Exercise goal >> How many lines of the records below contain the word "Dress"? Answer with the number alone.

(Task material begins)

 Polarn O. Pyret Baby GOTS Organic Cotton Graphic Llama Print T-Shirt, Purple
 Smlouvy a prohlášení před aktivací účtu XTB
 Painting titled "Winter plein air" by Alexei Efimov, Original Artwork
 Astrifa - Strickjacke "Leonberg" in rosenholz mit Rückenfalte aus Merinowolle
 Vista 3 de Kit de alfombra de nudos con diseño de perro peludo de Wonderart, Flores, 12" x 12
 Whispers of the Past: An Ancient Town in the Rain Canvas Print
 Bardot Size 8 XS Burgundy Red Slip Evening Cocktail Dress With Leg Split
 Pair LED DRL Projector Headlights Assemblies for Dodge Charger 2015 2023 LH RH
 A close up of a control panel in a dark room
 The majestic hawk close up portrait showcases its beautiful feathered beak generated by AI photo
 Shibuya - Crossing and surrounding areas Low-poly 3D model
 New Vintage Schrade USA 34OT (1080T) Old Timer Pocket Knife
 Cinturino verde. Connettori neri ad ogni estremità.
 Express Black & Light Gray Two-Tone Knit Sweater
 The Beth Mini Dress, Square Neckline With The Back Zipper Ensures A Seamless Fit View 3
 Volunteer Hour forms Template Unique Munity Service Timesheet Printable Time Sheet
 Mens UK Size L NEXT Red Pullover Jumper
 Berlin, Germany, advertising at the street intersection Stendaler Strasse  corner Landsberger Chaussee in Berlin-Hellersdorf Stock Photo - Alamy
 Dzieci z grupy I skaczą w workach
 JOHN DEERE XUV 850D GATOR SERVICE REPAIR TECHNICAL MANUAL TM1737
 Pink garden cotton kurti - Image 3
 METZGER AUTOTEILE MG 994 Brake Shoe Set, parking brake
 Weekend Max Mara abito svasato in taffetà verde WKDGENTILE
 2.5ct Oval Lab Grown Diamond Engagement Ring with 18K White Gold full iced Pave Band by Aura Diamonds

(Task material ends)

Problem solution >> 2